I was imagining that exchange as I sat in a bar, sitting alone in a booth, working on my second or third or fourth Sam Adams. I didn’t remember driving here after seeing Greg and Julie, or even coming inside. I felt as though I had always been here, that this booth was my past, my present, and my future. I existed entirely in this moment in time.

As I sat there, I engaged in one of my nervous habits, which was to tear off bits of a paper napkin, roll them up into balls the size of a pea, then flick them off my upturned thumb with my middle finger. Sometimes the ball would fall off my thumb before I could launch it, other times I could shoot one across the room.

When the waitress, a heavyset woman in her fifties, came over to see whether I wanted another beer, she glanced down at the half dozen paper pellets I’d fired off.

“Nice range,” she said. “Another?”

I was about to say yes, but any more to drink and I wasn’t going to be able to drive myself home. I was probably already in the danger zone.

“No, I’m good,” I said.

The waitress stood there a minute, looking at me.

“You been in here before?” she asked.

“Not sure,” I said, which was true. “Not in a while, anyway.”

“Because you look familiar to me. Pretty sure I’ve seen you somewhere. Although not lately.”

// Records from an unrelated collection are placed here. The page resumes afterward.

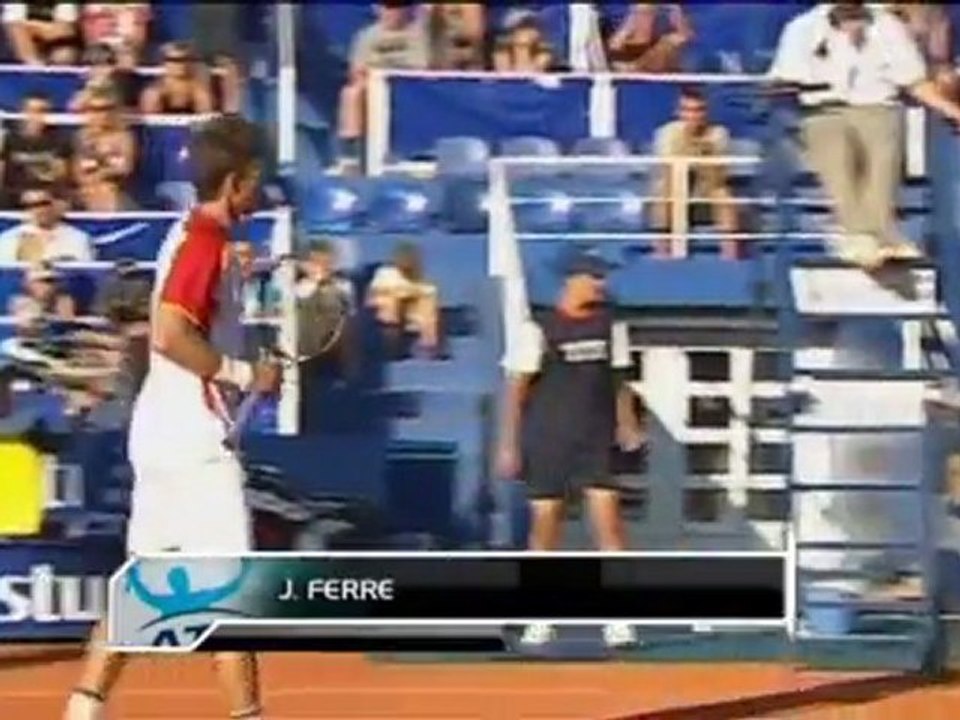 Umag - Ferrero und Robredo eine Runde weiter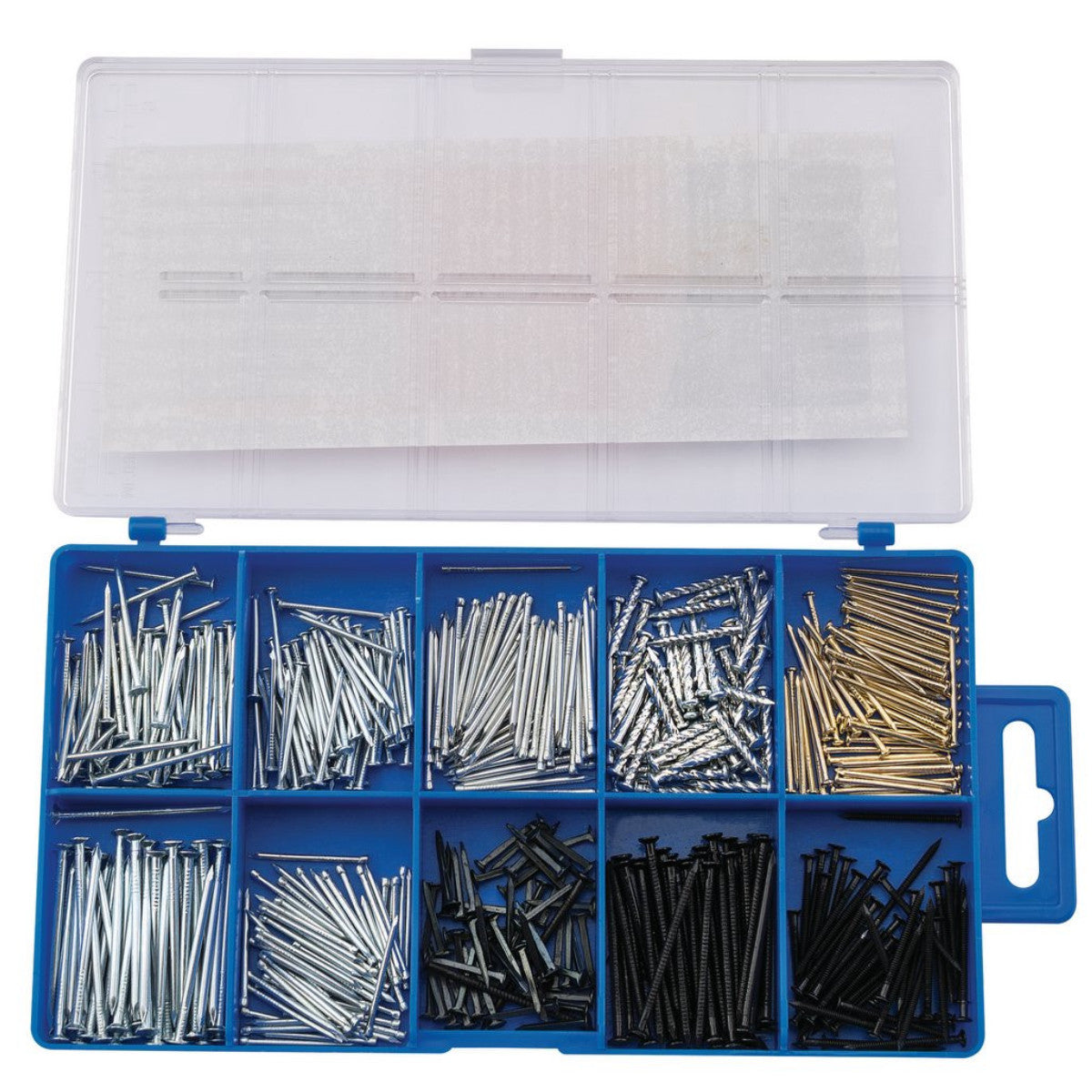 Draper Nail and Pin Assortment (485 Piece) 69042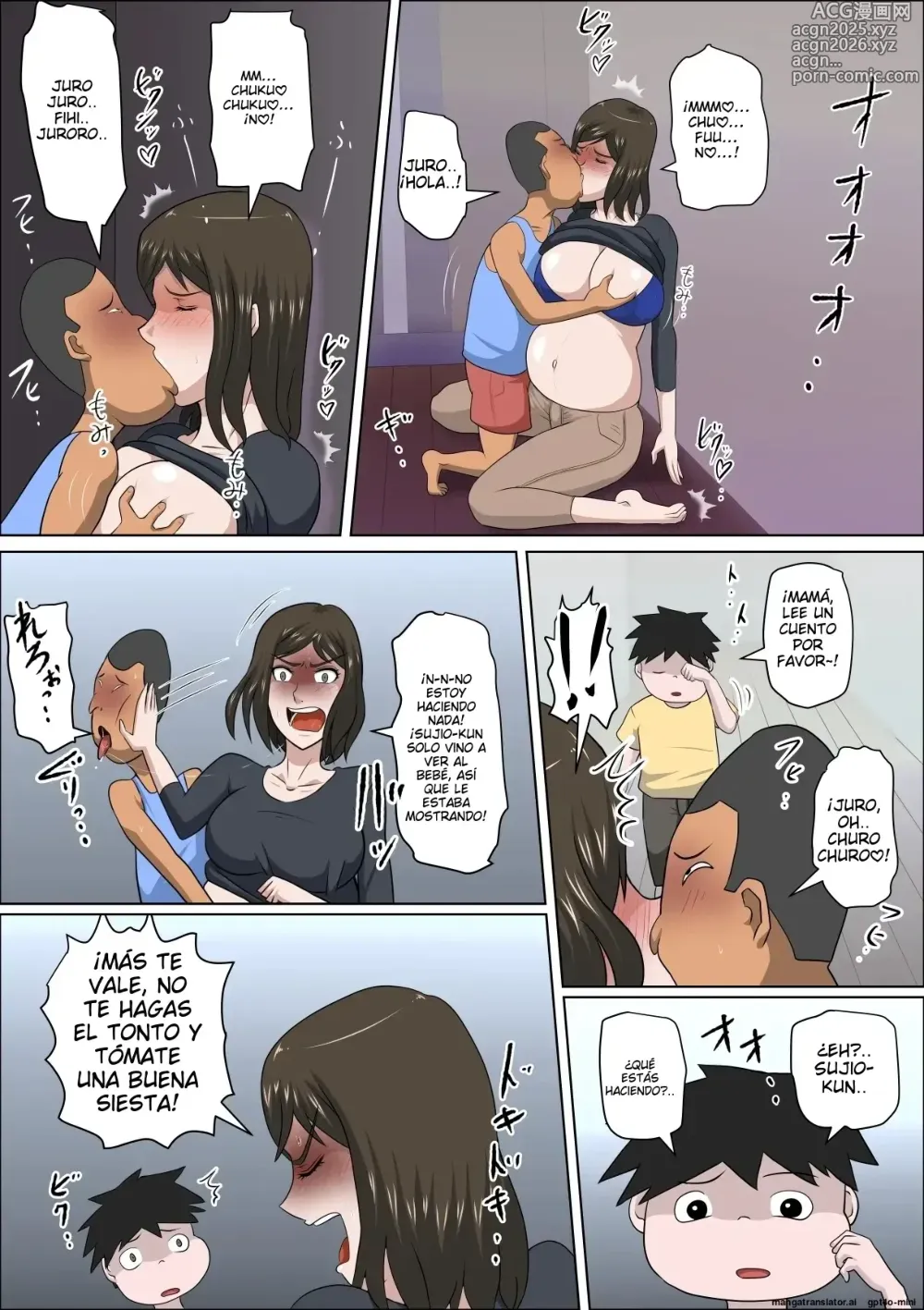 Page 20 of doujinshi Como Resultado de la Ley para Solucionar el Descenso de la Natalidad... Luego de Eso... 4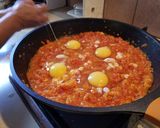 真っ赤なイスラエル朝食〜シャクシュカ作り方5写真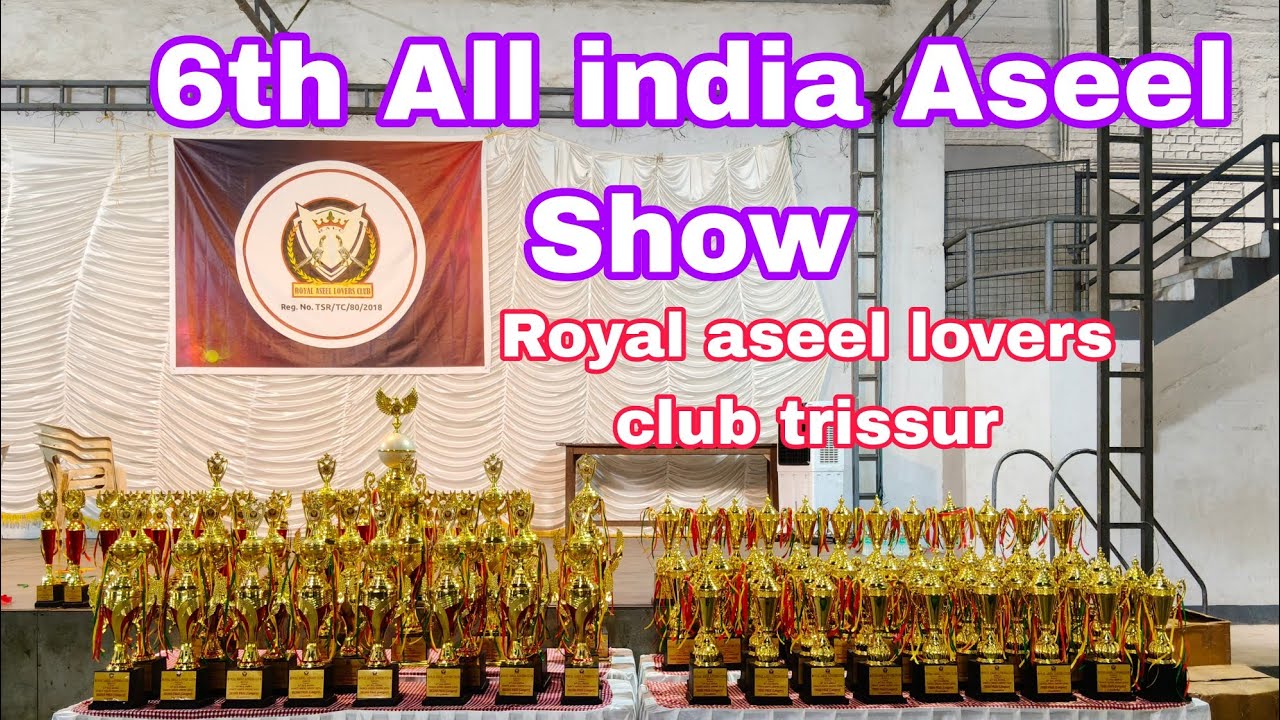 All india aseel show/6th aseel show/Trissur/Royal RK Aseel/Ep:213/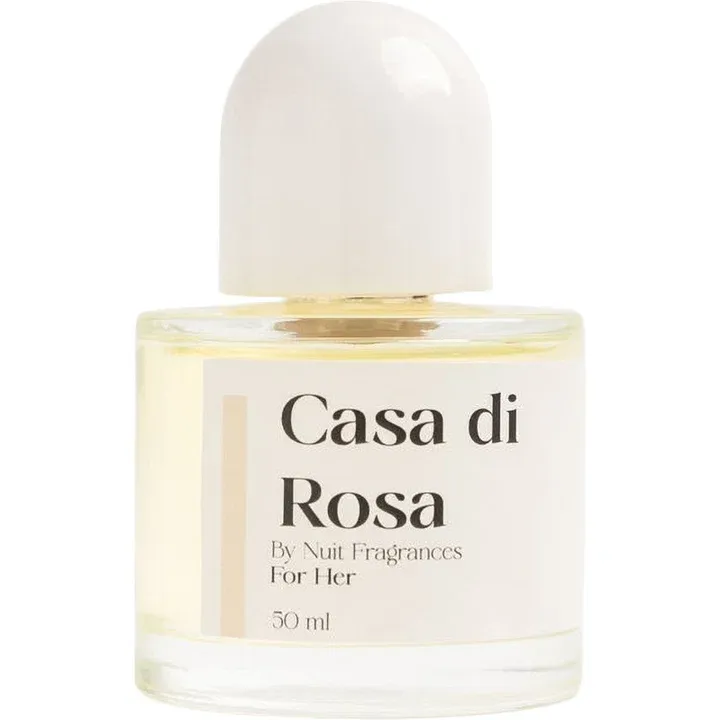 Nuit Fragrances Casa di Rosa parfüm şişesi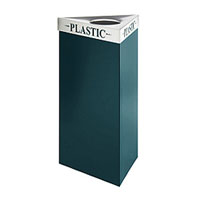 Trifecta&trade; Waste Receptacles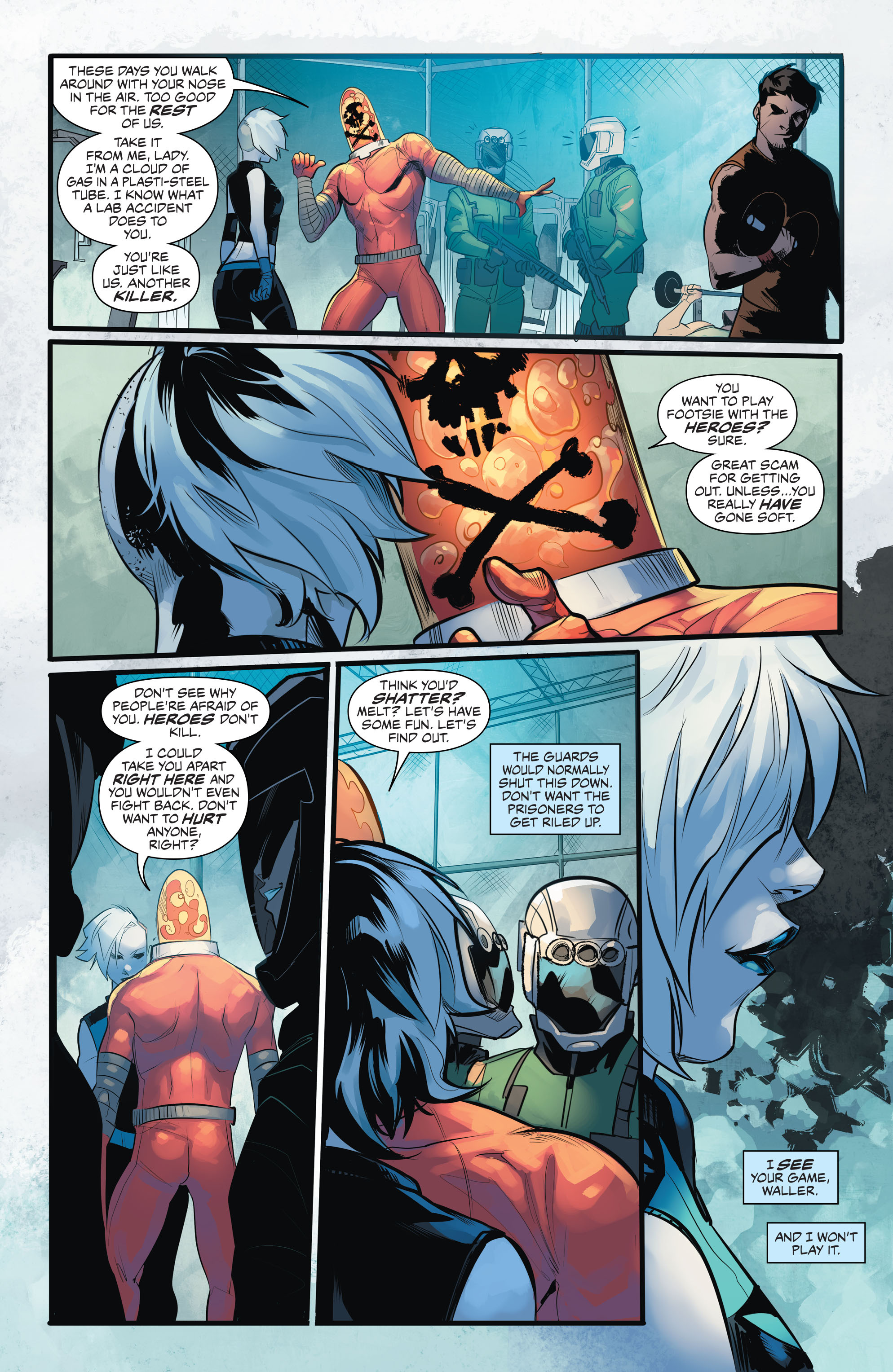 <{ $series->title }} issue Justice League of America - Killer Frost - Page 9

“Maybe I just have that kind of face,” I said.

“What’s your name?”

“Carville,” I said. “Andrew Carville.”

“Oh, okay,” she said, nodding. “I had you pegged as somebody else, but his last name was Mason.”

“Well, there you go,” I said, and slapped some bills on the table as she waltzed away.

I couldn’t put it off any longer. I went out, got in the Explorer, and headed for home.

I was almost there, not even a block away, when I saw that car again, the one I’d seen heading down the street to Max’s house.

Detective Hardy.

Coming from the direction of my place.

I watched her unmarked car disappear in my rearview, then hit the blinker to turn down my street.

When I got to my house, Jayne was sitting on the front step, waiting.

Looked like I wouldn’t have to tell Jayne much of anything, after all. I was guessing the detective had already filled her in.

Thirteen

“I brought flowers,” Isabel McBain said. “This room needs some color.”

Her mother, Elizabeth, turned her head wearily on the pillow to see what Isabel was up to. She was arranging a small bouquet in a foot-tall metal vase on the movable dining table that had been wheeled away from the bed. Isabel’s husband, Norman, tall, thin, and balding, stood back, watching his wife fuss about.

“What do you think of that?” she asked. “Don’t they look nice?”

“They look wonderful, Izzy,” Elizabeth whispered. “How are you today, Norman?”

“Fine, Elizabeth,” he said flatly while Isabel continued to arrange the bouquet. She took a step back, studied her handiwork, concluded they were not quite right, then repositioned several of them. “Norman, what do you think?”

“That one in the front seems a bit droopy.”